Professor Tom Wilson Department of Information Studies University
of Sheffield
Introduction
That we should understand the needs of our clients in order to
deliver effective information services is such an obvious statement
that it is almost embarrassing to make it. However, general
observation, the reports of students who have been subject to the
vagaries of university library systems, and consultancy work in
organizations have convinced me that it is a statement well worth
repeating. Merely repeating the statement, however, is not of very
much assistance to librarians and information workers who are subject,
increasingly, to demands for more cost-effective (i.e., cheaper)
services, and to demands for greater relevance of their work to the
needs of the organization.

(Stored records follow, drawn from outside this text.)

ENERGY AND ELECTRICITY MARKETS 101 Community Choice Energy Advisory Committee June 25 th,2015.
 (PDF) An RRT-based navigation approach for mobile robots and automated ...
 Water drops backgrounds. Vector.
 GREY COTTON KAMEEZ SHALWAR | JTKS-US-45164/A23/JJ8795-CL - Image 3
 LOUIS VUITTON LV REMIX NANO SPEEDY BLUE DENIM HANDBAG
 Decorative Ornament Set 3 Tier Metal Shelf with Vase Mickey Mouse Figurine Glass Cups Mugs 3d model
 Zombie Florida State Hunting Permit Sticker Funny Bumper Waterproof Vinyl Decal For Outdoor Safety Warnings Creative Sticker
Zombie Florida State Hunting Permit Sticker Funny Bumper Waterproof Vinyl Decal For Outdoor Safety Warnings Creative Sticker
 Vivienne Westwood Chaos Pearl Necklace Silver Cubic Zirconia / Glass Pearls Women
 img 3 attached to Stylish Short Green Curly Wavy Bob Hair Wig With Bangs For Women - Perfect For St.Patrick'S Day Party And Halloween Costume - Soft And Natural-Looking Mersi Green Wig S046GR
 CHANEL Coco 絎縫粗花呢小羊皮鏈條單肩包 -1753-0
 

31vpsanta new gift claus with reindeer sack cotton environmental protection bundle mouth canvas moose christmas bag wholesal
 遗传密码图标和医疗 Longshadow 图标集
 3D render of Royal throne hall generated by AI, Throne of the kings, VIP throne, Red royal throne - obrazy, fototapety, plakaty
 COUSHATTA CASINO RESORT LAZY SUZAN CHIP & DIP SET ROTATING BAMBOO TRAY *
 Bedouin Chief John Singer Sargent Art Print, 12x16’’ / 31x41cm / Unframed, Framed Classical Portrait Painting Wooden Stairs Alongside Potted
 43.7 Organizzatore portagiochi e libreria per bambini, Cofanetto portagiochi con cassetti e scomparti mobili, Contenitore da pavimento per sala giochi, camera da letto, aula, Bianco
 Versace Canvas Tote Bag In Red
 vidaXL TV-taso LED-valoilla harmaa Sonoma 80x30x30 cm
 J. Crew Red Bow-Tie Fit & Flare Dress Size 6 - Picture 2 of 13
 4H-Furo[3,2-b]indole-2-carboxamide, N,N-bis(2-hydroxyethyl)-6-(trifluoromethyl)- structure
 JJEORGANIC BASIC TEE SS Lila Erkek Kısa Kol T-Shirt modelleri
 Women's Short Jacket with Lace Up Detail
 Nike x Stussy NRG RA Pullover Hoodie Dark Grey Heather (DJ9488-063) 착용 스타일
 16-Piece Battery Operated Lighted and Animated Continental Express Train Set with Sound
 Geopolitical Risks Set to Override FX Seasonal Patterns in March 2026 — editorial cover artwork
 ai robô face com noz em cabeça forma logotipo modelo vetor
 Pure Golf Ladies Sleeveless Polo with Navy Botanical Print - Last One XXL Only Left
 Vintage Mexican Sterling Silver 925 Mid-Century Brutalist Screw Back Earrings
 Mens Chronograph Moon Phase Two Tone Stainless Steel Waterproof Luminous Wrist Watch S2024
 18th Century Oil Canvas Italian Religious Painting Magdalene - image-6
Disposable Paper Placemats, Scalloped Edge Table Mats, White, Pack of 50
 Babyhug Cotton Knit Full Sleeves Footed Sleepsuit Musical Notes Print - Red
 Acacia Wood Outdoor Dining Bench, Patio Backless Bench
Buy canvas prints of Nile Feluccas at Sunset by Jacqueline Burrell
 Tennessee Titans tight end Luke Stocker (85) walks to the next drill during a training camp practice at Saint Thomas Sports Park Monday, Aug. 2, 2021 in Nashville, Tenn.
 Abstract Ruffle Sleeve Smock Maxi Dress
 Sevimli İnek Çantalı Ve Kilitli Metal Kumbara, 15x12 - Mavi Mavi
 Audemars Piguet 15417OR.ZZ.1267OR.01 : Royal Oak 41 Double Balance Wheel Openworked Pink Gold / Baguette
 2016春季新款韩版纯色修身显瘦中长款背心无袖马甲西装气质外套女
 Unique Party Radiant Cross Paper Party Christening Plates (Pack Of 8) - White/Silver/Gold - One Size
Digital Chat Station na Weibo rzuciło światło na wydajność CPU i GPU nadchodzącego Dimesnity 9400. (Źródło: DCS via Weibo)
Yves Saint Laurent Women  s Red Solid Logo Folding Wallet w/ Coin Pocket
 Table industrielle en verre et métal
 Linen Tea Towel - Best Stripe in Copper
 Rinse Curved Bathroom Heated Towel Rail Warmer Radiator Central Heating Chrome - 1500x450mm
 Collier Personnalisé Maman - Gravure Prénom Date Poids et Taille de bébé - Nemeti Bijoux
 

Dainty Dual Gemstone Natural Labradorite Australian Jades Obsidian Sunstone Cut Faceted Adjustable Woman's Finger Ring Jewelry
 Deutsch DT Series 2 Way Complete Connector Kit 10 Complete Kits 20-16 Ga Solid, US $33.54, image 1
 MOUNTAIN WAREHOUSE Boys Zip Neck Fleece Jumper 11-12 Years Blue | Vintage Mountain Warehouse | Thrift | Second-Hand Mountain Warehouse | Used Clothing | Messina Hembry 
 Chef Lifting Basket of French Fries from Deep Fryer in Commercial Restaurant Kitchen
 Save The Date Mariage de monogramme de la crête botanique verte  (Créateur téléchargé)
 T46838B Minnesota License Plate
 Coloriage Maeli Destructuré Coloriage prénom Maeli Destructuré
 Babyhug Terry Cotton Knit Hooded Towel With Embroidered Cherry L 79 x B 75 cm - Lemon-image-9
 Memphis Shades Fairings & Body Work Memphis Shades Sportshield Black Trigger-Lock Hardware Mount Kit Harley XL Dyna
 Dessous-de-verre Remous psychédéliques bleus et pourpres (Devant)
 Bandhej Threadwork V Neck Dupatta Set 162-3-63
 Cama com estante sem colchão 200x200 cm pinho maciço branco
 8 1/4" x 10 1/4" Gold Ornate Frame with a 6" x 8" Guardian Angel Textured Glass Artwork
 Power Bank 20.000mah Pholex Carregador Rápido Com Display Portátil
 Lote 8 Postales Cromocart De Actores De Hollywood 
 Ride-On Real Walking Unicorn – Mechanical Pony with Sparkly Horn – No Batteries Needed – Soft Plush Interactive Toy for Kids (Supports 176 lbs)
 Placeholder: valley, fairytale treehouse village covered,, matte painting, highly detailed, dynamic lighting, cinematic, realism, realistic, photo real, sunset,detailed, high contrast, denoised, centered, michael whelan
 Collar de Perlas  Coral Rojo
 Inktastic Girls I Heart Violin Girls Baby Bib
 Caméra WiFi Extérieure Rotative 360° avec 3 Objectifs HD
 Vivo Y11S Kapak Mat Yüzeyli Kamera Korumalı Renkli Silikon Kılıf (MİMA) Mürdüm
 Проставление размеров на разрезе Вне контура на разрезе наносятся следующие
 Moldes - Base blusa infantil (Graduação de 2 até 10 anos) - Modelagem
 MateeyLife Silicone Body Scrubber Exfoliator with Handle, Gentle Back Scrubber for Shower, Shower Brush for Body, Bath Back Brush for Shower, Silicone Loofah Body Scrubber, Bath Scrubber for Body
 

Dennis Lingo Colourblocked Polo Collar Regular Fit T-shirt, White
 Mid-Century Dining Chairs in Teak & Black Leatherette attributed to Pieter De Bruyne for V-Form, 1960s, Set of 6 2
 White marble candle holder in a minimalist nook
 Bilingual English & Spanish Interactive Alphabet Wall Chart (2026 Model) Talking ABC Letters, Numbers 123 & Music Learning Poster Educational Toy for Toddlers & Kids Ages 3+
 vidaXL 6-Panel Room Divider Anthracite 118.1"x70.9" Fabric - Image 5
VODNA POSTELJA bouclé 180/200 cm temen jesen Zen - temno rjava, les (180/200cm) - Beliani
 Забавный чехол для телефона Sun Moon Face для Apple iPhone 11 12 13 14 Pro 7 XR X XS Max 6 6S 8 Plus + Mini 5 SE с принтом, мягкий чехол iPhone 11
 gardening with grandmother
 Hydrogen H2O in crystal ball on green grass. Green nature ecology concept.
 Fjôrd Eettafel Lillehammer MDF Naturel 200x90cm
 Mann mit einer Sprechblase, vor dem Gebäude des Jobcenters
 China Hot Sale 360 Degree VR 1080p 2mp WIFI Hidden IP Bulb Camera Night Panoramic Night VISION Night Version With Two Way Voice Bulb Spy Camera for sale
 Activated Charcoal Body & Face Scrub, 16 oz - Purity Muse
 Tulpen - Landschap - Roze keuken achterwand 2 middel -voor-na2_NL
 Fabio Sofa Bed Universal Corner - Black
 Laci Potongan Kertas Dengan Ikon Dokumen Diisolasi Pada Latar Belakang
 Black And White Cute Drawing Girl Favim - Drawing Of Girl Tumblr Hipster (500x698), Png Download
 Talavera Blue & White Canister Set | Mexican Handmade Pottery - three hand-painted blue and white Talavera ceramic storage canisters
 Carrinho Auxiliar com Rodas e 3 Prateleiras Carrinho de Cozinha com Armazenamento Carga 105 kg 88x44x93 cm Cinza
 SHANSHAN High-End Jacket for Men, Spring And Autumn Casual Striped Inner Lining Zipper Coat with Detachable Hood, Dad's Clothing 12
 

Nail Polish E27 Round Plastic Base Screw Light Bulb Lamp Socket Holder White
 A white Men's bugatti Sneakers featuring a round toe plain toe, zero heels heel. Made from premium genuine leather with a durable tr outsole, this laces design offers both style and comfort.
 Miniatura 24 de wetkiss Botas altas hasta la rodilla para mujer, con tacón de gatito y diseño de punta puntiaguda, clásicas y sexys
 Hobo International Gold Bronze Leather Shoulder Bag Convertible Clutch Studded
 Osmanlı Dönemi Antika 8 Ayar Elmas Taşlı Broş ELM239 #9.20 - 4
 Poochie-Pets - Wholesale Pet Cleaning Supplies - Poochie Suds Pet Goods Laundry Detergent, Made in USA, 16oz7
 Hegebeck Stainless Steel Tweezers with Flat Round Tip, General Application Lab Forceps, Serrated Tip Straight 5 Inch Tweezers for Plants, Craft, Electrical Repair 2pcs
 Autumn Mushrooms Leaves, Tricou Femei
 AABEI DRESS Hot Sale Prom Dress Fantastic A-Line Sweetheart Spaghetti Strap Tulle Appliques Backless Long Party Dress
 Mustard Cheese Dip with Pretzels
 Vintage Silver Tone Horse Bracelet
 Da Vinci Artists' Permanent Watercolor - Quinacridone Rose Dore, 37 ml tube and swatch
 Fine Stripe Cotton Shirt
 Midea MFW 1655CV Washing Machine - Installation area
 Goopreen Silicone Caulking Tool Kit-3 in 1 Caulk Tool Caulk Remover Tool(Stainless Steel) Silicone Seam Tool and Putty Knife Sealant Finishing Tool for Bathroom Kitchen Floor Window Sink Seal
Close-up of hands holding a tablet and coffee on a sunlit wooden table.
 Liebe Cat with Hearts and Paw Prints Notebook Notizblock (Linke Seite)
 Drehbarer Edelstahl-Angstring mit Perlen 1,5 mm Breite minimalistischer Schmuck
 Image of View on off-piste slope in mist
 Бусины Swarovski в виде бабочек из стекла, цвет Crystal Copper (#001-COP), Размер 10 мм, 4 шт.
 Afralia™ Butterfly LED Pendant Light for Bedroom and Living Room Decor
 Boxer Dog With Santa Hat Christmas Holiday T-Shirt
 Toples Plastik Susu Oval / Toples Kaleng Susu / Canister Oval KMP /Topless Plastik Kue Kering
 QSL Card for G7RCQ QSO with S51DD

In addition to rhetoric, they need help -
help to understand the nature of information needs, how those needs are
generated by the work that people do in organizations, the behaviour
involved in gaining access to the needed information, and the role of
formal library and information services in delivering the information.
This paper is an attempt to provide some guidance - in so far as that is
possible in the course of a conference paper.
The term 'information need' has been a troublesome one: writers
have debated the difference between 'needs' and 'wants', between
'perceived needs' and 'expressed needs', and so on; and, of course,
librarians and information workers have always been willing to decide
that they know what the user needs, better than the user. However, very
little emerges from this debate to guide our actions - in the end, we
have to try to anticipate demands upon our services and, therefore, we
have to act as if we understand the needs of the information user.
Some guidance through the fog of information needs is possible if
we understand the nature of the organizations we work in, if we
acknowledge that the organization itself (in terms of its goals and
objectives) has needs for information; and if we understand that
personal needs arise out of the roles people undertake in organizations.
Information Need
The nature of organizations
The first point to be made is that all organizations are information
and communication systems: some more so than others, of course. For
example, a media company, such as a newspaper, deals almost entirely in
terms of information flows (from the wire services and from its own
journalists and other writers) and the subsequent organization and
re-presentation of that information. A bureaucracy, such as a
government department, is also almost entirely an information
processing and communication organization: everything is document,
records and files abound, filing systems and records management are
central to the organization. Even a manufacturing company is mainly
concerned, at head office level, with the information flows about
production and market performance.
The question for the information manager or librarian, therefore, is
not whether information is important in the organization, but how
information intensive are its operations
Organizational information needs
If we accept the information-processing model of organizations it
follows that organizations will have information needs, if they are to
satisfy their goals and objectives. Recently, I have been exploring
the use of Porter's model of the 'value chain' in identifying the
information-critical areas on an organization's activity. This model
suggests that different areas of the value chain will be of greater or
lesser importance to a company and that, consequently, information will
have different levels of importance.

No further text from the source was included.